Reductions in tenured appointments reveals weaknesses in the academic model of collegial contributions to peer-reviewed scholarship. Those willing to serve as adjudicators for funding agencies, joining editorial boards, reviewing submissions for journals, acting as assessors for external department reviews, as well as rank and tenure committees are less forthcoming in recent years. Fundamental service of this nature generally falls to tenured faculty and these numbers are diminishing.

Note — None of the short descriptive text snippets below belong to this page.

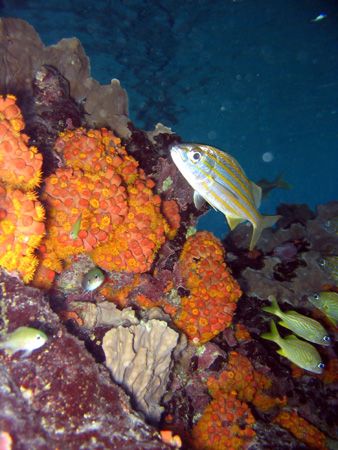 Smallmouth Grunt on twilight dive. Canon A70, WP-DC700 Ho... by Brian Mayes 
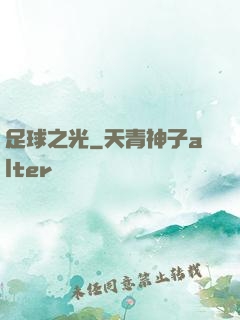 足球之光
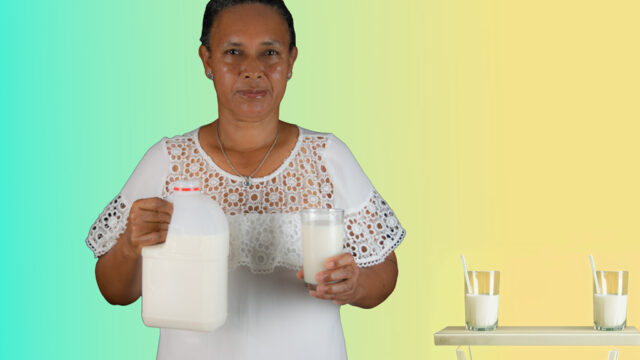 LECHE DE SOYA LA GLORIA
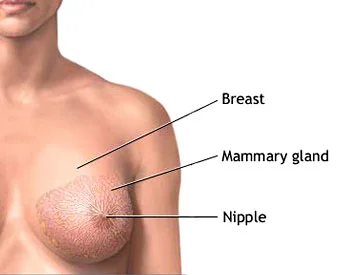 04_OS_Breast_Normal_A.jpg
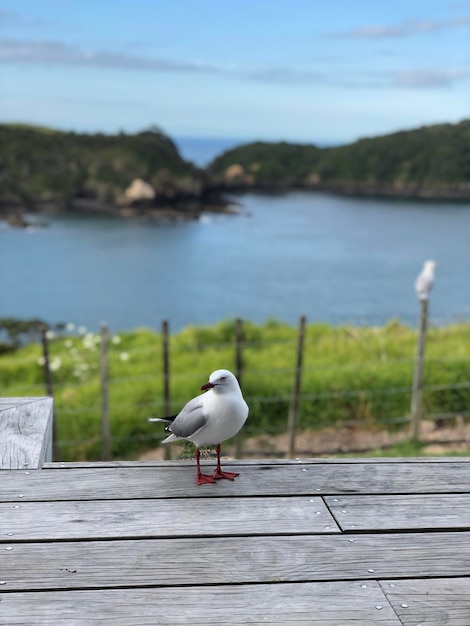 Photo une mouette perchée sur un pont en bois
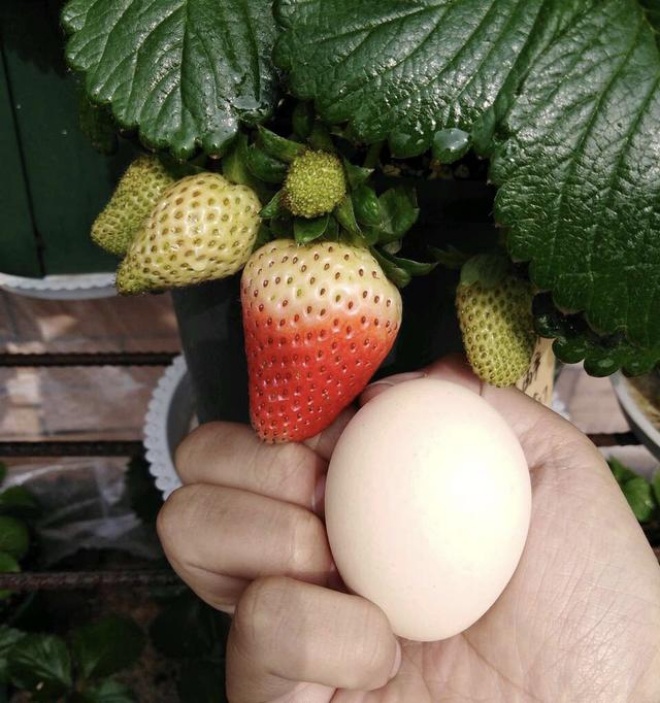 Eat a strawberry peeled 1 piece incubated in the soil, 10 days turn into a potted plant, the fruit is as big as a chicken egg - 5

So, is academic tenure destined to gradually disappear like sheets of Arctic ice sloughing into a warming ocean? Complacency is the enemy of collective action. Those with tenure or tenure-track appointments should be aware of the inherent inequities for the ever-growing ranks of contract academic staff. This not only entails ensuring fair treatment for CAS appointments, but also pushing for a clear conversion process for contractual faculty to tenure-stream permanency. Certification and inclusive collective agreements offer an avenue of legal protection. Faculty complement language may be negotiated along with related protections for contingent academics. It is in the best interests of everyone to resist the insidious bifurcation of academia.
Canada’s public universities and colleges are irreplicable contributors to the common good and vital to encouraging critically thinking independent citizens. Our assumptions of a healthy and responsive democracy are in no small measure premised on the skills and confidence we impart on students. More than ever our society needs the constructive intellectual contributions that tenure and academic freedom afford.